> [Record extracts]:
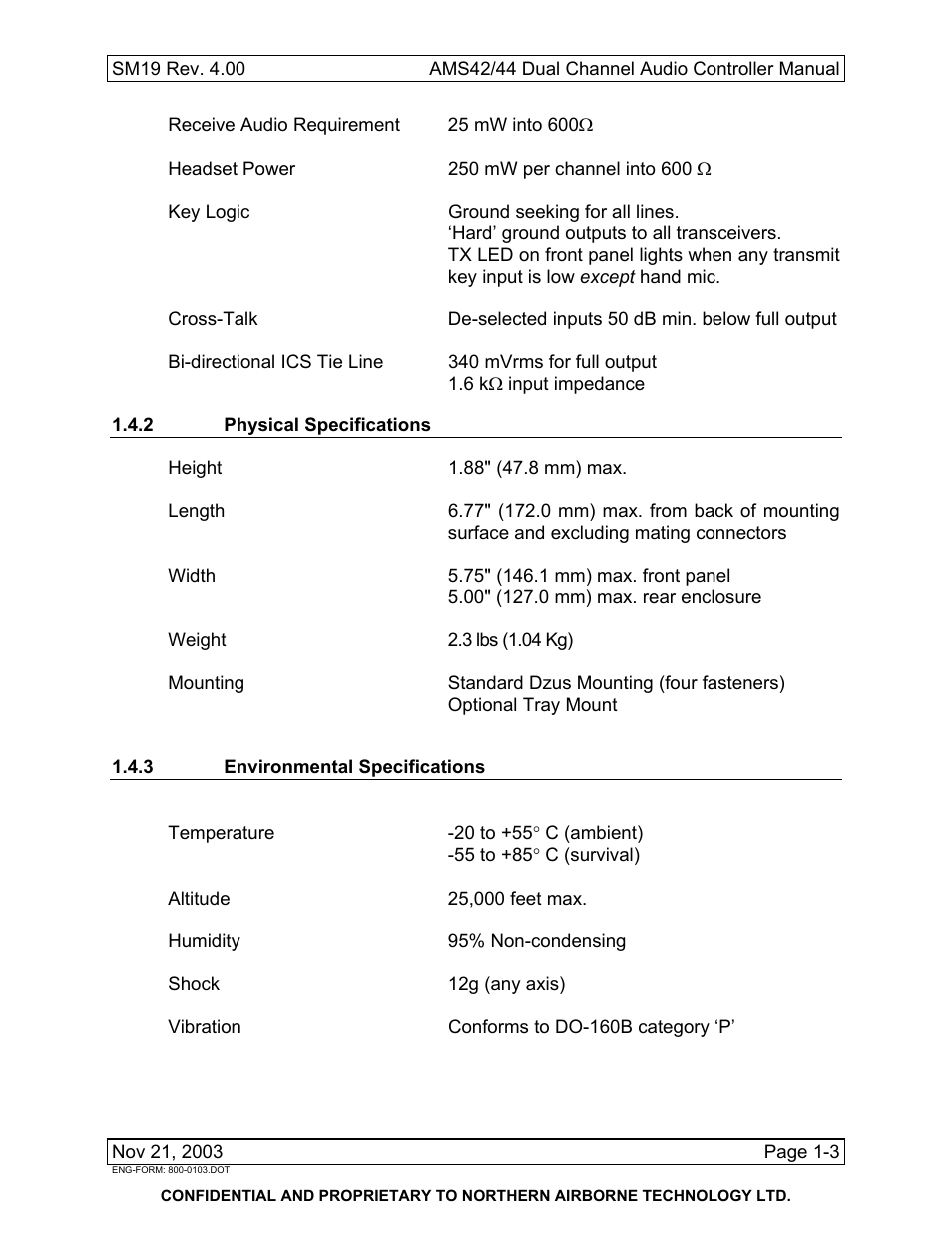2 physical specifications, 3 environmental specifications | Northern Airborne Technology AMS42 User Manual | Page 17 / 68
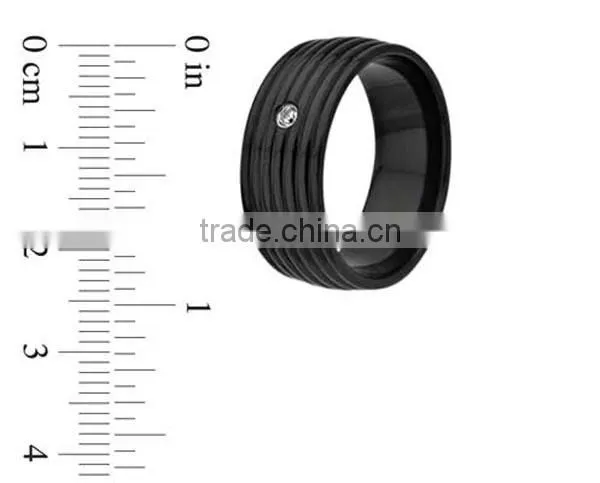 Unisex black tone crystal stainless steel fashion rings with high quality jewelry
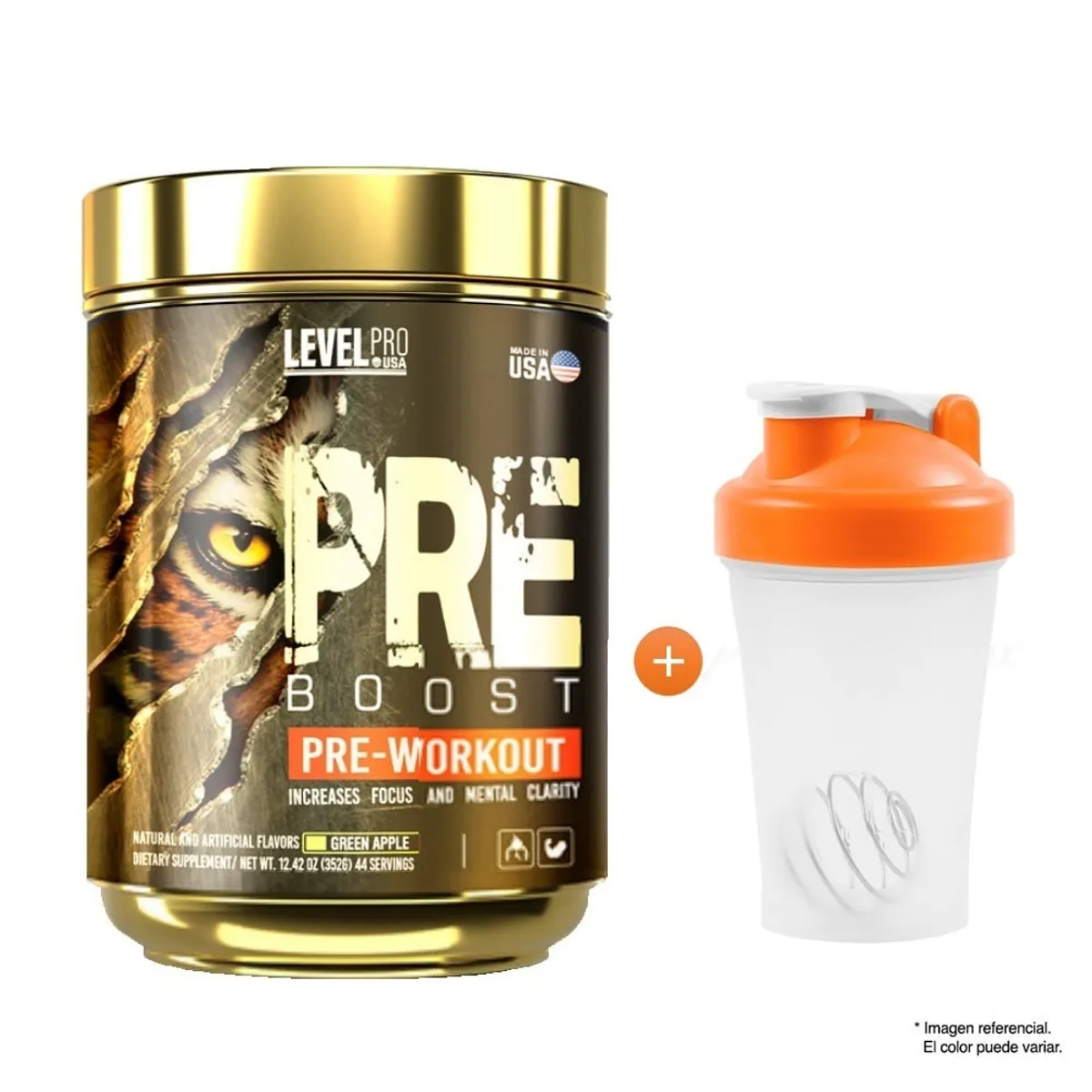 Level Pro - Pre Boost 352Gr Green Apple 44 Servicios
...
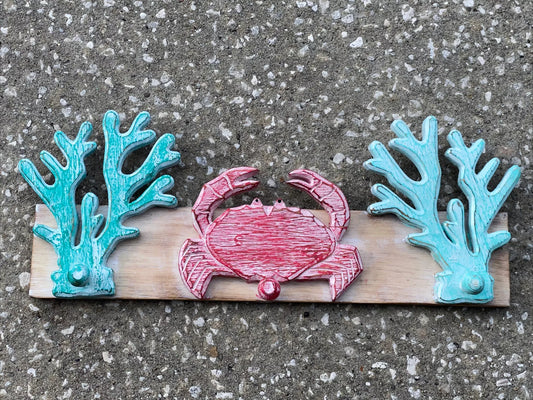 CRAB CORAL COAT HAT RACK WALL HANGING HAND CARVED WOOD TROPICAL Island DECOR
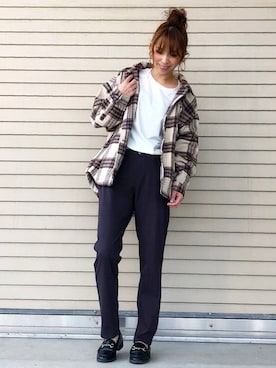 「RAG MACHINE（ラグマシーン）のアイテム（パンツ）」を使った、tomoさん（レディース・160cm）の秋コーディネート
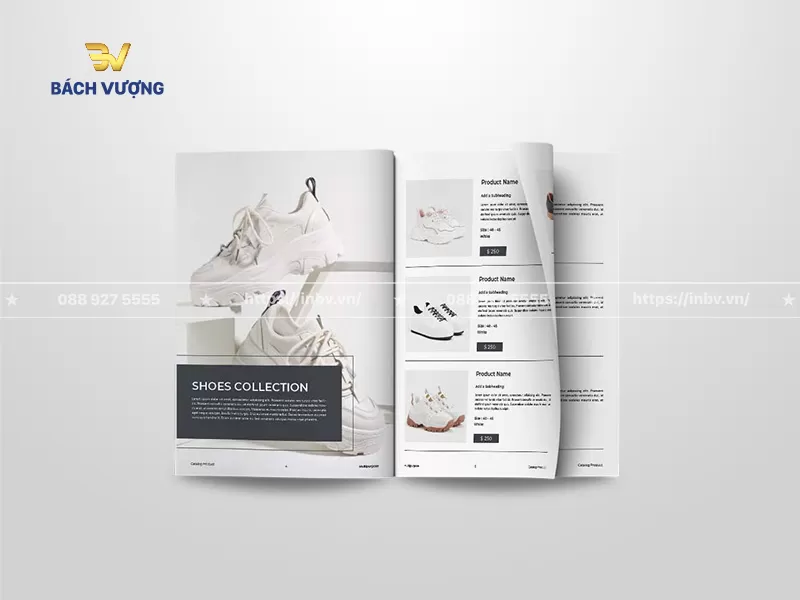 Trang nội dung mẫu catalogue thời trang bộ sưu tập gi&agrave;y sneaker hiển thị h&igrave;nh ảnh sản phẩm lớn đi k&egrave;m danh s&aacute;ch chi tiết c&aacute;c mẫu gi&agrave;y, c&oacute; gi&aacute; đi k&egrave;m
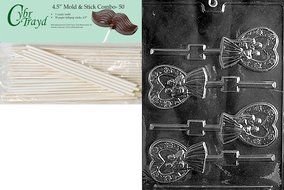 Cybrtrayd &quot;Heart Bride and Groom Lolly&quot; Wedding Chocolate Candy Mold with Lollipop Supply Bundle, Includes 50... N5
---
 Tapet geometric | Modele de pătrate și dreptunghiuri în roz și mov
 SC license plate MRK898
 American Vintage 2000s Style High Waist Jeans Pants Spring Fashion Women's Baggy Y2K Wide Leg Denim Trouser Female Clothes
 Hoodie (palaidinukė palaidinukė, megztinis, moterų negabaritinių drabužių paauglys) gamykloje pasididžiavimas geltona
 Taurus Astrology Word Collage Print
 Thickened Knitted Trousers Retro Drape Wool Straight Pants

> [Exercise objective]: Could you copy each line of the material that holds "Pants"?

> [Response to this exercise]:
 American Vintage 2000s Style High Waist Jeans Pants Spring Fashion Women's Baggy Y2K Wide Leg Denim Trouser Female Clothes
 Thickened Knitted Trousers Retro Drape Wool Straight Pants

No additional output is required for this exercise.